É il filosofo Byung-Chul Han ad analizzare lucidamente ciò che ci sta accadendo nel suo libro La società della stanchezza, dove ci fa notare, ad esempio che il multitasking è un regresso. “È infatti una tecnica dell’attenzione indispensabile per la sopravvivenza nell’habitat selvaggio, dove l’animale è abituato a suddividere la propria attenzione tra diverse attività. Così è incapace di qualsiasi immersione contemplativa”. Ma la specificità della nostra umanità si manifesta nelle più svariate attività culturali, che necessitano di una profonda attenzione contemplativa. Invece nella nostra società della prestazione “l’attenzione profonda viene progressivamente sostituita da una forma di attenzione ben diversa, l’iperattenzione, che non crea nulla di nuovo, ma riproduce ed accelera ciò che è già disponibile”.

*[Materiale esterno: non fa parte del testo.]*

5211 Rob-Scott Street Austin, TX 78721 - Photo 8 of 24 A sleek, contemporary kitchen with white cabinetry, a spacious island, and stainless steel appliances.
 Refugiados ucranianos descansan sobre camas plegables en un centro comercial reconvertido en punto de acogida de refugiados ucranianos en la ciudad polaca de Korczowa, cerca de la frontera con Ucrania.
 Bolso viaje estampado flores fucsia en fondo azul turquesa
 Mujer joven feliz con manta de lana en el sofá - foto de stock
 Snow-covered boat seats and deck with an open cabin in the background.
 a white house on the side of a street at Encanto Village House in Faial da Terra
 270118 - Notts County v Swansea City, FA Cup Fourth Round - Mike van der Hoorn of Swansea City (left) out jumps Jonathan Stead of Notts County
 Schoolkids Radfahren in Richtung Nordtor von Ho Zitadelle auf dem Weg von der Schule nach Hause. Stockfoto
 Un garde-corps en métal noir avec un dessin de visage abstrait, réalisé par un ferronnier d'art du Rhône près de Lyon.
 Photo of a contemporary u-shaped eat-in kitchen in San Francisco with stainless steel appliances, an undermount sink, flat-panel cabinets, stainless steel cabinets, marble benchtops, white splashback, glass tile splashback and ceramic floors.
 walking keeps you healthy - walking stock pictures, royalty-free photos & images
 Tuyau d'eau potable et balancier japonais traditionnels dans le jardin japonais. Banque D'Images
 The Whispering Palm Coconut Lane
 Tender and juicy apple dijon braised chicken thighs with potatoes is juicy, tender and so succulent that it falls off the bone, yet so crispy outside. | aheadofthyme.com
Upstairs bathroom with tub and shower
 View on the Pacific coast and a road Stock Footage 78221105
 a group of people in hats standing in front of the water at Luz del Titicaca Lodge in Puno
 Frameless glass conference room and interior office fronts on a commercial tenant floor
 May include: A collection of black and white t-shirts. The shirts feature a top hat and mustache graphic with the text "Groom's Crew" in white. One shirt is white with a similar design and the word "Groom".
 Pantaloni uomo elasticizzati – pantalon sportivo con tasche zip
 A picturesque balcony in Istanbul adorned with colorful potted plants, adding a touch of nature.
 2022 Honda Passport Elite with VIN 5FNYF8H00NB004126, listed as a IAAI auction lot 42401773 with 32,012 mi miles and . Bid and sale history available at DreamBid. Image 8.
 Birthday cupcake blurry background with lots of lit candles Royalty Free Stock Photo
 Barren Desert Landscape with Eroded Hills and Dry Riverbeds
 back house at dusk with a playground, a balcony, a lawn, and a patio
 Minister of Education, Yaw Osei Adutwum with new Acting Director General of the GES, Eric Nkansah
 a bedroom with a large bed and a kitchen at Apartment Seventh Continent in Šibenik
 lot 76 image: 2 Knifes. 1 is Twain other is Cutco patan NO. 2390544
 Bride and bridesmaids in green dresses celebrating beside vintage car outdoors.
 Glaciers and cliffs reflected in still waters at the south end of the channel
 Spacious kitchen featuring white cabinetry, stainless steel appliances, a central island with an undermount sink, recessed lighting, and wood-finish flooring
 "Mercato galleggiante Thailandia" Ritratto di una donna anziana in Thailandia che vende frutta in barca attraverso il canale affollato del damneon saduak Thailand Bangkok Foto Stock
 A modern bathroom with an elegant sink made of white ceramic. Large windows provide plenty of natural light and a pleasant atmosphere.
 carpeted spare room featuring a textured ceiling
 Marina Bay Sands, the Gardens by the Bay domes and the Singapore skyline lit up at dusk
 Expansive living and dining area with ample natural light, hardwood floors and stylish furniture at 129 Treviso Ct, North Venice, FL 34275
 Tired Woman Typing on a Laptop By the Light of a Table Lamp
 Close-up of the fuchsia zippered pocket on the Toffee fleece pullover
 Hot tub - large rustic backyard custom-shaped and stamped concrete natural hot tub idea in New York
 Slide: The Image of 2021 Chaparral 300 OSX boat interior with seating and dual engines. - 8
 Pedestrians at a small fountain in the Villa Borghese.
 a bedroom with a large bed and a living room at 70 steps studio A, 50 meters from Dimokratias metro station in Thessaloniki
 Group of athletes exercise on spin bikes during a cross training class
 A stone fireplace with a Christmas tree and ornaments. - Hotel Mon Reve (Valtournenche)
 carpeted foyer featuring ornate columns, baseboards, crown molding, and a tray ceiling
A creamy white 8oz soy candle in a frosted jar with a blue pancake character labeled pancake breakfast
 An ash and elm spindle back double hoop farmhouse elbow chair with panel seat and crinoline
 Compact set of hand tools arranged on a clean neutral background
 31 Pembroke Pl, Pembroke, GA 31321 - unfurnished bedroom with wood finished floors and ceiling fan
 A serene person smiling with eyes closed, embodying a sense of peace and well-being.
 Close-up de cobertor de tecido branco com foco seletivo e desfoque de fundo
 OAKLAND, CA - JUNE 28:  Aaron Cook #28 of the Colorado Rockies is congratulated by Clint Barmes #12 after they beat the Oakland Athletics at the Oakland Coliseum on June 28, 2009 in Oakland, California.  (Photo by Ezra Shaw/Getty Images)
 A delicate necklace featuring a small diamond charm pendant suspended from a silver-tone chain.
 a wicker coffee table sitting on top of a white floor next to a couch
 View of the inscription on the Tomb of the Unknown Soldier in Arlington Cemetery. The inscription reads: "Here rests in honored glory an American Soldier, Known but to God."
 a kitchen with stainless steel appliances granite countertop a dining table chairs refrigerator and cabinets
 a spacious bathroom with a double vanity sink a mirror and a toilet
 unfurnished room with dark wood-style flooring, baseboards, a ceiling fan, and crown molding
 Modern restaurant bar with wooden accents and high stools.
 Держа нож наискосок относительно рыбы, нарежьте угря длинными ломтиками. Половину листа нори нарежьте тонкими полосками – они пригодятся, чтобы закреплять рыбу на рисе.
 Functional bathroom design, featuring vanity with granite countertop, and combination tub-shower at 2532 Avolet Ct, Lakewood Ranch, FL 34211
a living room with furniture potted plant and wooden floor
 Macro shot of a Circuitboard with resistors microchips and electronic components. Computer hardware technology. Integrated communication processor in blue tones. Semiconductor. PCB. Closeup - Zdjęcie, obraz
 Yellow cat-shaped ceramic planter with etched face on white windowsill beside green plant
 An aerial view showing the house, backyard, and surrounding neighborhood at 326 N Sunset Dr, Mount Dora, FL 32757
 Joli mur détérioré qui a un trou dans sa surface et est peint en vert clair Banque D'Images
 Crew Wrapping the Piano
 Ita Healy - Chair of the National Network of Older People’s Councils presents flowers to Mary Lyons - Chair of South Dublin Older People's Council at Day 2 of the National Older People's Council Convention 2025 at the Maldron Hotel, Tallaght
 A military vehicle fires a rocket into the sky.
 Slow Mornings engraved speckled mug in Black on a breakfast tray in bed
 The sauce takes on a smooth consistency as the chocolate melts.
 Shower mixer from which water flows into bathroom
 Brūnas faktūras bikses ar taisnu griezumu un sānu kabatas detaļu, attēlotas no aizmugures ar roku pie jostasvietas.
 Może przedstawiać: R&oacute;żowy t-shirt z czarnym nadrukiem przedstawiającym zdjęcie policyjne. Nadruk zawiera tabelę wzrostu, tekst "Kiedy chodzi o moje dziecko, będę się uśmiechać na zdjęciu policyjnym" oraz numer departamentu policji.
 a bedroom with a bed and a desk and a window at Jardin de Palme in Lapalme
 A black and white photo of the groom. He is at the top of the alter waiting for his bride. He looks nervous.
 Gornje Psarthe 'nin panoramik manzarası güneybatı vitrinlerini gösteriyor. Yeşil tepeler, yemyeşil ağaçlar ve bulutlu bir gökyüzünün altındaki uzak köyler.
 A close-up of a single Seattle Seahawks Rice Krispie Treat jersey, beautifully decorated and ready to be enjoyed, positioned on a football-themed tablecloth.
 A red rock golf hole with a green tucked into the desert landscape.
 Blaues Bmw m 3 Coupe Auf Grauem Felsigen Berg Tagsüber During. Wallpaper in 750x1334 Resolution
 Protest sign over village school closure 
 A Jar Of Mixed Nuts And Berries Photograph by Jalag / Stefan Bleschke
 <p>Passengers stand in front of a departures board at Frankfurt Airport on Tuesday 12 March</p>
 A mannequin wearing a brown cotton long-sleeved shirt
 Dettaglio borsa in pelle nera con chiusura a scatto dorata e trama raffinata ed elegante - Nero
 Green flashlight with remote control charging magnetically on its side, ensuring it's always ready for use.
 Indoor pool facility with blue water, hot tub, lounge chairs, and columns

Mentre la precedente società disciplinare era imperniata sul divieto, sul non-poter-fare, nella società della prestazione tutto ruota attorno ad un poter-fare illimitato. E così, inesorabilmente e senza rendercene conto, ci troviamo ingabbiati in una dinamica di autosfruttamento di noi stessi del tutto volontaria, senza le costrizioni esterne degli obblighi e dei divieti che caratterizzavano la precedente società disciplinare. L’ideale a cui tendere nella nostra società della prestazione è seduttivo e ci affascina, salvo poi ritrovarci vittime e carnefici al tempo stesso. Sovrani di noi stessi, continua Byung-Chul Han, non subiamo costrizioni esterne, ma viviamo in un clima di sbornia da libertà, senza accorgerci che “al posto della violenza causata da estranei subentra una violenza autogenerata, più fatale della prima, perché la vittima di questa violenza si crede libera”. Le istanze da prestazione, sempre più pressanti, fanno sì che diventiamo concorrenti di noi stessi, in una dinamica sempre più distruttiva che istiga a “doversi superare costantemente”. Logorati da questa lotta distruttiva con noi stessi, facilmente subiamo quel collasso psichico che è il burnout, “manifestazione patologica di questa libertà paradossale”. Perché è un’illusione credere che quanto più si è attivi tanto più si è liberi.
Il filosofo suggerisce tre compiti urgenti sui quali tornare a impegnarsi: si deve imparare a vedere, imparare a pensare e imparare a parlare e a scrivere, operazioni specificamente umane che allenano a “un’attenzione profonda e contemplativa, a uno sguardo lento e prolungato, prima istruzione alla spiritualità”. Posizione sintonica con quella di papa Francesco che, nella lettera al direttore del «Corriere della sera», scrive che“c’è grande bisogno di riflessione, di pacatezza, di senso della complessità”. Altrimenti la nostra vita “equivale a quella di morti viventi. Troppo vivi per morire e troppo morti per vivere”.